Taking Stock / Slaying the real dragon
Look what has happened to the public's grasp of the Bachar team.
The committee headed by treasury director-general Joseph Bachar, which was impaneled to consolidate reform of the capital market and banks, has become "the team for separating the provident and mutual funds from the banks."
That is not happenstance. Forcing the banks to relinquish both the ownership and management of the provident and mutual funds is the heart and soul of the great reform that Finance Minister Benjamin Netanyahu seeks to lead, together with the Bachar team.
By demanding that separation, the team hopes to achieve five goals:
1. To reduce the banks' domination over the capital market by extracting a quarter-trillion shekels of the public's money from their control.
2. To stimulate the development of an ex-banking capital market. Allowing the banks to control the big money of the institutionals certainly hasn't achieved the development of financing sources outside the banks, as other countries have.
3. To eradicate conflicts of interest. The banks currently wear four or five hats in their capital market operations, which limits their scope and hurts their clients.
4. To give the banks incentive to provide fair advice, instead of automatically pushing the funds they themselves operate.
5. To give the provident and mutual fund managers incentive to improve their performance: captive customers will be a thing of the past.
Will all these aims be achieved? Is the Bachar team's model perfect? Far from it; but it is the first attempt by all the bodies responsible for the public's money to institute real change in the way things are done at the banks and in the capital market.
Opening the cage
But one has to worry about whether the Bachar team really can achieve those last two goals - to make the banks give good advice, and to set the customers free.
The great fear is that the second before, or after, the provident and mutual funds are severed from the banks, the banks will hasten to sign distribution agreements with the companies that buy their funds.
The agreements would be based on kickbacks that the funds' new owners would pay the banks for each customer they send over.
The ultimate result of the kickbacks is that the customers would remain captives of the banks. Again the customers would not be able to find out the real cost of the products they are buying. They would not be aware of the vested interests of the advisers pitching certain investment products in the guise of providing objective counsel.
Kickback agreements between the big banks and certain big money management firms could wind up preserving the current capital market structure. Instead of the banks withdrawing their monopolistic stipends from the captive customers via the management fees of the funds, they'd just get them as distribution fees, or whatever kicky name they invent for the kickbacks.

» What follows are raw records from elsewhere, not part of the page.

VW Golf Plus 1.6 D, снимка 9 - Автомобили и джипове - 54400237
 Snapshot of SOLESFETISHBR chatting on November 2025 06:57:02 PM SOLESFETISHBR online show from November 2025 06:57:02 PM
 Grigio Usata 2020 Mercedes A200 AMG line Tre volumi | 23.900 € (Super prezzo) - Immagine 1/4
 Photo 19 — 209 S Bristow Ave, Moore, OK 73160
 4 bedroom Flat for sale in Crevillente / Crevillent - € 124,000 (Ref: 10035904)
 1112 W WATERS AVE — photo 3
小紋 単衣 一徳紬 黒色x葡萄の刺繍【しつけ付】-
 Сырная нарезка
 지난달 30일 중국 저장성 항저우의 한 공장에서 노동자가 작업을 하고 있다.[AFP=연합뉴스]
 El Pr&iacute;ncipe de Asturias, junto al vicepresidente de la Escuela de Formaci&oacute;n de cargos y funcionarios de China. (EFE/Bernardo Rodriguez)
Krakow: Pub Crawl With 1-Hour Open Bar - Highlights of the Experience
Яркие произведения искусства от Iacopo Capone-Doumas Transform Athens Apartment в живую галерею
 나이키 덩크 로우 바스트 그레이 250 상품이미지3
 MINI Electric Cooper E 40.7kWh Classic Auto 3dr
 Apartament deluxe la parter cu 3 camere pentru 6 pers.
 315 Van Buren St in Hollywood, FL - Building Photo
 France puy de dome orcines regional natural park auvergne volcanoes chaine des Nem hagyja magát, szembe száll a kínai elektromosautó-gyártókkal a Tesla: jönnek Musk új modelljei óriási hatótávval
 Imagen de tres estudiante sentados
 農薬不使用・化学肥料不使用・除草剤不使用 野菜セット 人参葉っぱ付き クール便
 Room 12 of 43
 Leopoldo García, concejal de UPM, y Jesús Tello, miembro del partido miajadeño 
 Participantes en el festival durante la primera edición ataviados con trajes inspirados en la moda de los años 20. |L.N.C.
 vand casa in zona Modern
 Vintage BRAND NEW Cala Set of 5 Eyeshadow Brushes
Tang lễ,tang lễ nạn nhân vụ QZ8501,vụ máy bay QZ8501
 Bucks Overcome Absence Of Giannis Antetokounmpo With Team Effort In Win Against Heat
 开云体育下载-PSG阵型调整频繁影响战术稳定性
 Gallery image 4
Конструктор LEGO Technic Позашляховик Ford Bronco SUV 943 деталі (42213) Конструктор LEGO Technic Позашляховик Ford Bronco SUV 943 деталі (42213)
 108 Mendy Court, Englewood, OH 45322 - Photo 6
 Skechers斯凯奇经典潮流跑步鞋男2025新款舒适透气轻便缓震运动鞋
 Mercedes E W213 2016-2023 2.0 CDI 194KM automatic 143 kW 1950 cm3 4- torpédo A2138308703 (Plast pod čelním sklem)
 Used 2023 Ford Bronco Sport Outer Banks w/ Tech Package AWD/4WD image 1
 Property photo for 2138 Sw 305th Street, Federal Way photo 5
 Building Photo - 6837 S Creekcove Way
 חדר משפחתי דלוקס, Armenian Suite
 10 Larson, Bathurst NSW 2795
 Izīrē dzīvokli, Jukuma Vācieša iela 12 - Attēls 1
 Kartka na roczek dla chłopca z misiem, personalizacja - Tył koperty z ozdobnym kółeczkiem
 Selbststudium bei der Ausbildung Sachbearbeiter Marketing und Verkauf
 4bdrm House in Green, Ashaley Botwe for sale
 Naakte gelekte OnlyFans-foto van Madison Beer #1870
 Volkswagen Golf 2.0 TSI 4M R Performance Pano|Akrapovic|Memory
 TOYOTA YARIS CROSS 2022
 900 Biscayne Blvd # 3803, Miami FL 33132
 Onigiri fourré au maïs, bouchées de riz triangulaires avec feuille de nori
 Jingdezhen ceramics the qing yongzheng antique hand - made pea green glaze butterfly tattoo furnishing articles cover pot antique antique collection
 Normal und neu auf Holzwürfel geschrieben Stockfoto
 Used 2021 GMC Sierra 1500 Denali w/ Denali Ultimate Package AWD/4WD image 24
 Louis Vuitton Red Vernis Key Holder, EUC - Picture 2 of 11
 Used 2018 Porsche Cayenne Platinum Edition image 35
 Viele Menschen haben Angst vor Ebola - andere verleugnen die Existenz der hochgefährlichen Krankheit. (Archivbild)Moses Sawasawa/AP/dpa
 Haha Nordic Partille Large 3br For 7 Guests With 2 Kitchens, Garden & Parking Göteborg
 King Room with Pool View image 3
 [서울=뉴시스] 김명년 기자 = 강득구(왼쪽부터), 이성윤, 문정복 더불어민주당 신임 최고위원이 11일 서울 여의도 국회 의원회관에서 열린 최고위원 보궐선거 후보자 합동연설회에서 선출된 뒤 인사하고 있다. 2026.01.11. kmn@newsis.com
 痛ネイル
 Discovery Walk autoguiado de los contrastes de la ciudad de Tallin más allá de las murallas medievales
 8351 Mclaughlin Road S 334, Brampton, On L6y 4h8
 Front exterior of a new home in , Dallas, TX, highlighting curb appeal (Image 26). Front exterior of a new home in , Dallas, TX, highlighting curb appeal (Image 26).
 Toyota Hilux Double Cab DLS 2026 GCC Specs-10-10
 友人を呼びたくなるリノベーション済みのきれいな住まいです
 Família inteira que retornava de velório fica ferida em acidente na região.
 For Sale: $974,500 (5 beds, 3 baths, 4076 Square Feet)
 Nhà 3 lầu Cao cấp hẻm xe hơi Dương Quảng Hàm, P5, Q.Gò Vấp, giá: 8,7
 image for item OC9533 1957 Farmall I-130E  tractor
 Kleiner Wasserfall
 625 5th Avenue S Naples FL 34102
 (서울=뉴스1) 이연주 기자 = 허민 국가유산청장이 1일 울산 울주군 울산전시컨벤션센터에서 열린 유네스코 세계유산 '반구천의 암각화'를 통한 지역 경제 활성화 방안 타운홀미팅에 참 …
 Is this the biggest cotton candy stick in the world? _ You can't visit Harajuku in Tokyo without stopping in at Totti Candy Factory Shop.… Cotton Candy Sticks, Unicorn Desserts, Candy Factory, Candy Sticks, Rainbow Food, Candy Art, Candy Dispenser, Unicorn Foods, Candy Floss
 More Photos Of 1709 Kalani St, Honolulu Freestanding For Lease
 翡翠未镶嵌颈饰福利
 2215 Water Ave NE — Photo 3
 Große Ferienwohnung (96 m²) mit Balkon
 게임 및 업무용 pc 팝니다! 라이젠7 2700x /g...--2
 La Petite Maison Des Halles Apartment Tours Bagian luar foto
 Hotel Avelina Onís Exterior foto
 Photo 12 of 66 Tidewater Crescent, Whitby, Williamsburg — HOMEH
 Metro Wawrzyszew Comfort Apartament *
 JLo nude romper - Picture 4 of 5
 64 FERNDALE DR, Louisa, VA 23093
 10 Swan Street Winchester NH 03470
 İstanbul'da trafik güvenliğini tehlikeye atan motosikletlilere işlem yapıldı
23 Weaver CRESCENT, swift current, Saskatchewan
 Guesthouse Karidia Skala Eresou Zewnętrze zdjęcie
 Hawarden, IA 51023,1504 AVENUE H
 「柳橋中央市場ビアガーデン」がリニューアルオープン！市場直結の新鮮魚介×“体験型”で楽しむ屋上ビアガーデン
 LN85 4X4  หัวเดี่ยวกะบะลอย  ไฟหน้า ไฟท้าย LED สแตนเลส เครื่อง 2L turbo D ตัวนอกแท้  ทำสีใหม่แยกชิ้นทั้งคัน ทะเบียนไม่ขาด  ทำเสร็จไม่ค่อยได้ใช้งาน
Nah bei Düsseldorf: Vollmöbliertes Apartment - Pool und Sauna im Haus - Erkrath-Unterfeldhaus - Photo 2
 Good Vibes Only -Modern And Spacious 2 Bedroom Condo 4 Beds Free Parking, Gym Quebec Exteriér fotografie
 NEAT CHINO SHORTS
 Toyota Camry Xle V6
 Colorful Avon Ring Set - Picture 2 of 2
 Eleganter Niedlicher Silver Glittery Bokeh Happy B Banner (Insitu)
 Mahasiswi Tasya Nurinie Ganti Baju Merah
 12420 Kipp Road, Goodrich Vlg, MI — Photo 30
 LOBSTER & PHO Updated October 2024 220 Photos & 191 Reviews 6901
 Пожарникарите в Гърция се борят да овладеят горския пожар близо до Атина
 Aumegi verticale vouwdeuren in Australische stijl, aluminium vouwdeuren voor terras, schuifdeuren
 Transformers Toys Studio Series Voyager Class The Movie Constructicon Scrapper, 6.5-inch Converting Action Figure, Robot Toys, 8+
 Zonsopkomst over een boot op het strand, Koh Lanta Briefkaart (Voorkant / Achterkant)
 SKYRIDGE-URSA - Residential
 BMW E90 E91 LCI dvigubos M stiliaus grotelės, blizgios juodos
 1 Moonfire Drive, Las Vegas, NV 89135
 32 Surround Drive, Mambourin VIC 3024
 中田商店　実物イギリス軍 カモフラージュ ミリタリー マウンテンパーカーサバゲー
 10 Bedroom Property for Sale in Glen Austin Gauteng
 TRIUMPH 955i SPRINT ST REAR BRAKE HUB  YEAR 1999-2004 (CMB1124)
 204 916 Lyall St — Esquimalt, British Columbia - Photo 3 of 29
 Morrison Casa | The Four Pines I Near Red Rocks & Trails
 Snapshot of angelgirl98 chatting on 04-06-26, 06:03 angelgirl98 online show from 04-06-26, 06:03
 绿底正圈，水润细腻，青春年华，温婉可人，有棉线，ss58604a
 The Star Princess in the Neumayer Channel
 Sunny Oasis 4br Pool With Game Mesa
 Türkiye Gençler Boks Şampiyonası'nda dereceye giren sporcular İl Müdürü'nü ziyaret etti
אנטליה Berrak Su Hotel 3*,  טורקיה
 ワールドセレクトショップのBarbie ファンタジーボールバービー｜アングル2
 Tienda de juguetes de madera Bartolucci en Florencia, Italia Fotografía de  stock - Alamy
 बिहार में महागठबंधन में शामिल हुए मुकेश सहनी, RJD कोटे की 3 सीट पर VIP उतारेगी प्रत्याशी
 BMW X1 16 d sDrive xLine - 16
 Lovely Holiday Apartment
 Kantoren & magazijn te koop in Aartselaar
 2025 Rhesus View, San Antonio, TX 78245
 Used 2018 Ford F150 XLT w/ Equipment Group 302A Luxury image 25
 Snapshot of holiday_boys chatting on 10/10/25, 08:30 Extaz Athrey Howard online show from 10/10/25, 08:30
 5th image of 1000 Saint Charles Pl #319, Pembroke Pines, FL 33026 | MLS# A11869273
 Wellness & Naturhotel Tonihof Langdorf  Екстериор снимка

This is where the real revolution of the Bachar team's plan kicks in. One of the key recommendations in its report, which it finished writing recently, is to forbid the banks to accept kickbacks from the entities that will manage the provident and mutual funds, or any other financial instrument the banks market and distribute. The bank may take money directly only from the client. That's it.
Forbidding kickbacks is a revolution. The ban creates an entirely transparent marketplace in which the customer knows exactly how much and for what he's paying. Banning kickbacks renders the separation of the banks and the provident and mutual funds utter and complete. It is not only a separation in name: It also abolishes all those conflicts of interest.
In the new marketplace to be created by the death of the kickbacks, the banks will only be able to charge their customers for genuinely objective advice with genuine added value. Customers will get offers from banks that they can compare with offers from other banks. They can choose to invest in this or that provident or mutual fund directly, for instance via the Internet.
This new transparent mechanism will depress prices, and do more, too. It will force all the players in the marketplace to offer added value. They won't be able to fudge and blur their services and prices any more.
The Bachar team and Netanyahu know perfectly well that slaying kickbacks is the true revolutionary message of their reform. They also know that without it, a lot of the targets involved in severing the banks from their funds will be missed.
They know that, really, the real battle with Bank Hapoalim and Bank Leumi is over that. They also know that the director-general of the Prime Minister's Office, Ilan Cohen, is refusing to take a clear stand on the matter. And they know that the battle of the kickbacks is really the battle to release the captive customers.